Dutasteride is worth addressing directly because it shows up in research and is available through some platforms here. It is not FDA-approved for hair loss, which makes it an off-label prescription. That is legal and relatively common in medicine, but it means not every platform will prescribe it, and none of them will market it as a primary offering. Strut is the most likely platform in North Carolina to include dutasteride in a custom compounded formula if a clinician determines you are a candidate.
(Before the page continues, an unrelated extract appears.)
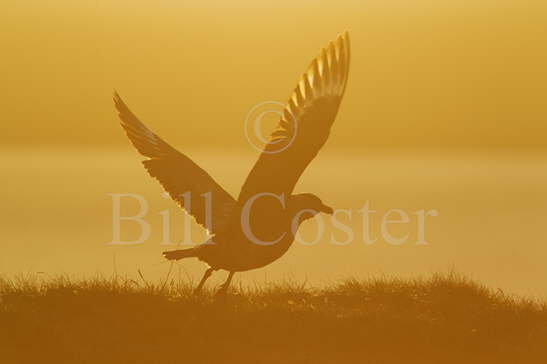 Great Skua taking off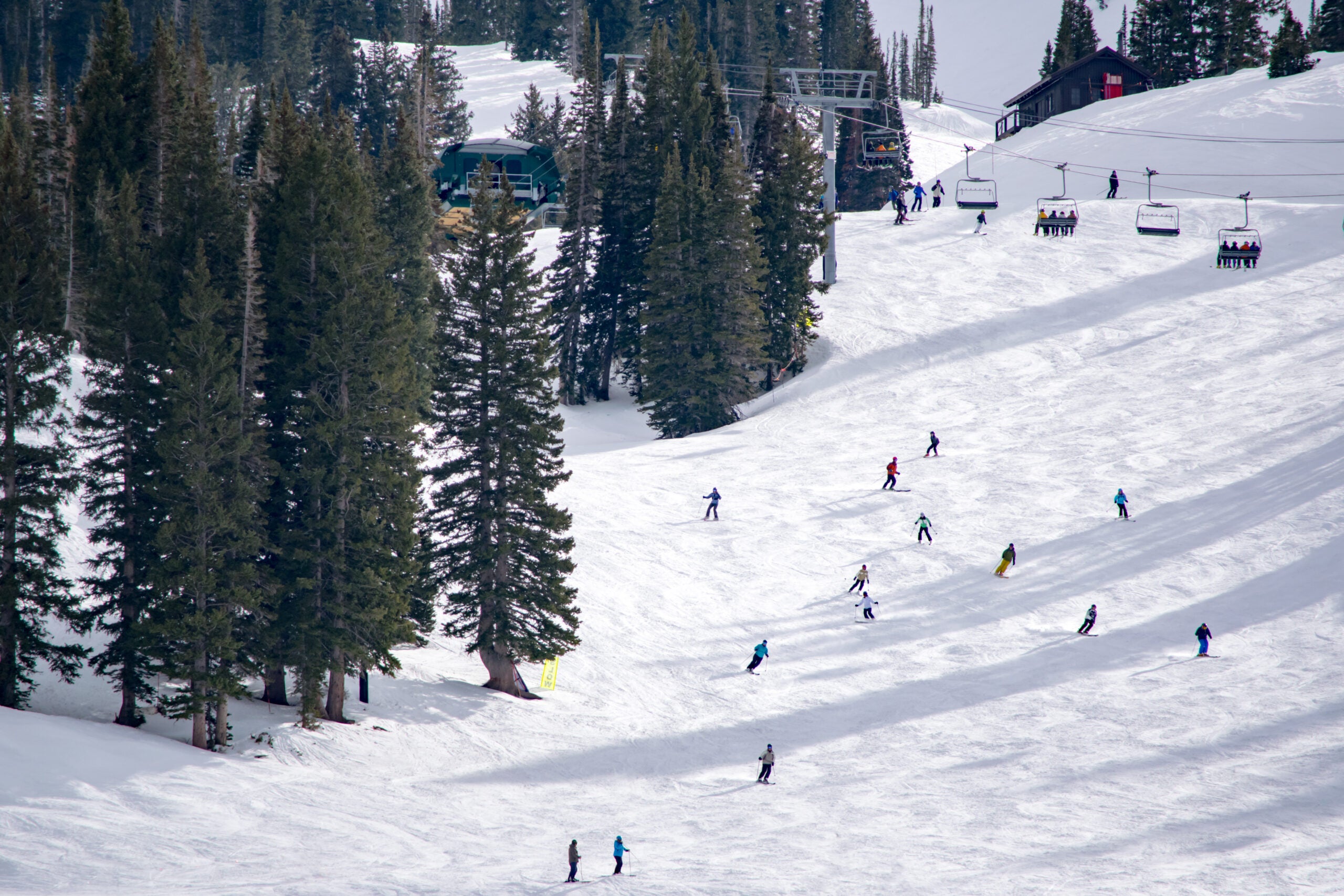 Alta ski slope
If dutasteride is specifically what you are looking for, mention it explicitly during your consultation.
For women in North Carolina, the medication picture is different. Spironolactone is commonly prescribed for female-pattern hair loss and androgenetic alopecia in women, and it is available through Hers and several other platforms serving this state. North Carolina's Medicaid program does offer broader access to women's preventive care, but hair loss medications like spironolactone are generally not covered under that umbrella since hair loss is classified as cosmetic rather than medically necessary. If you are a woman on Medicaid in North Carolina, plan for this to be an out-of-pocket expense regardless of your coverage level.
Insurance Coverage for Hair Loss in North Carolina: The Honest Answer
North Carolina does not have an insurance parity law that requires private insurers to cover hair loss treatments. What that means for you is straightforward: in most cases, finasteride, oral minoxidil, and compounded formulas are going to come out of your pocket, not your insurer's. This is different from some states where mental health parity or specific prescription coverage mandates create at least partial reimbursement pathways. In North Carolina, those pathways for hair loss are thin.
Ro is the platform in North Carolina that puts the most effort into insurance navigation, particularly for brand-name medications. If you have a situation where a branded medication might be covered, such as if a physician documents a medical necessity case, Ro has the infrastructure to help you work through that. For most people treating androgenetic hair loss, though, brand-name coverage for this category is unlikely to stick regardless of which platform you use.
The practical result is that cash-pay pricing is what actually matters in North Carolina. Generic finasteride through platforms like Hims runs around $20 to $30 per month. Strut's compounded finasteride and minoxidil combination formulas, which are custom-mixed at their partner pharmacy, typically run higher, often in the $40 to $80 range depending on the formulation, but you are getting a combination product in a single application. Nutrafol's clinician-prescribed supplements and topicals are among the pricier options, often $80 to $100 per month or more, which is worth knowing before you start. PlushCare and Sesame Care charge per visit differently: PlushCare takes insurance for the consultation itself, which can reduce your upfront cost for the appointment even if the medication remains cash-pay.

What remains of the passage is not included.